Give back exactly the lines of the data below, starting with the line that has "Bisa E-Faktur Fixie" and going on through the line that has "Gorra negra con estampado graffiti".

● **Stored data**:
═══

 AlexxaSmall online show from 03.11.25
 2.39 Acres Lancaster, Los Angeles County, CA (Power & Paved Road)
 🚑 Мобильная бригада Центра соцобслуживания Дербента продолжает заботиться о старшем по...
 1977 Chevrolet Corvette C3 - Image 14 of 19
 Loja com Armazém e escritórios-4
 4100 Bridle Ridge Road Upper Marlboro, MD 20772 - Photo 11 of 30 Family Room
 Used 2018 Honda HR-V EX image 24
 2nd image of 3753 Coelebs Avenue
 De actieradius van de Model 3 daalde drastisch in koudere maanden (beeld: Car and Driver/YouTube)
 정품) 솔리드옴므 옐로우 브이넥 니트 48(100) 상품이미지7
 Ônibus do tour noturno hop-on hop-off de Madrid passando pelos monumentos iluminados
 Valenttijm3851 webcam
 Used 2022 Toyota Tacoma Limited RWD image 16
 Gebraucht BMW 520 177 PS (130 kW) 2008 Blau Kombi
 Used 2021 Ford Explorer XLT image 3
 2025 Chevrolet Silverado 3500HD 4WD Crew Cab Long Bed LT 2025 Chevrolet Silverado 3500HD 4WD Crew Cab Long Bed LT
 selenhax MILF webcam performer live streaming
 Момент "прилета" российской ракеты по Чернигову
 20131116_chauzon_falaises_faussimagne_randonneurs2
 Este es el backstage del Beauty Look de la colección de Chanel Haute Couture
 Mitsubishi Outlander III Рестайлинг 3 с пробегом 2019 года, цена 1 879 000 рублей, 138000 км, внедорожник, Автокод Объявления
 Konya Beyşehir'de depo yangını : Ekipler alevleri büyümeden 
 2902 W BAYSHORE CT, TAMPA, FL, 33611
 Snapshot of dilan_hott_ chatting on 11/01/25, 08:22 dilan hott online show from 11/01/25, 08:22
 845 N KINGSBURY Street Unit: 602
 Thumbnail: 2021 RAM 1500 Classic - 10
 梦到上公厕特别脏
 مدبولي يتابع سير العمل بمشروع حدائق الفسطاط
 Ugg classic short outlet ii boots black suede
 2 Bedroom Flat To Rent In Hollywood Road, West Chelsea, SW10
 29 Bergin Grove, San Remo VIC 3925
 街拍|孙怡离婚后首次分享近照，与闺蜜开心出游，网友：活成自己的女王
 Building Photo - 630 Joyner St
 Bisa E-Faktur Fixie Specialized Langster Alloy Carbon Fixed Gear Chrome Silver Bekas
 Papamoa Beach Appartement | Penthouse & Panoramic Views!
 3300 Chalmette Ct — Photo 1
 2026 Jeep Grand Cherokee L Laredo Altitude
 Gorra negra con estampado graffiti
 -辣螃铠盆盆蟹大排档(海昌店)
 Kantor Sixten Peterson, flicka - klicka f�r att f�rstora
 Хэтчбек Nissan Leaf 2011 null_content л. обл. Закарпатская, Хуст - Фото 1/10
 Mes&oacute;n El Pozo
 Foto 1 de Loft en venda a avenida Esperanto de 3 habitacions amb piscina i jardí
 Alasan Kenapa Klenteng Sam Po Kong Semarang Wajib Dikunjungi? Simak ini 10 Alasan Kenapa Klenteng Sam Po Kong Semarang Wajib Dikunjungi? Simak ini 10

═══

● **Problem solution**:
 Bisa E-Faktur Fixie Specialized Langster Alloy Carbon Fixed Gear Chrome Silver Bekas
 Papamoa Beach Appartement | Penthouse & Panoramic Views!
 3300 Chalmette Ct — Photo 1
 2026 Jeep Grand Cherokee L Laredo Altitude
 Gorra negra con estampado graffiti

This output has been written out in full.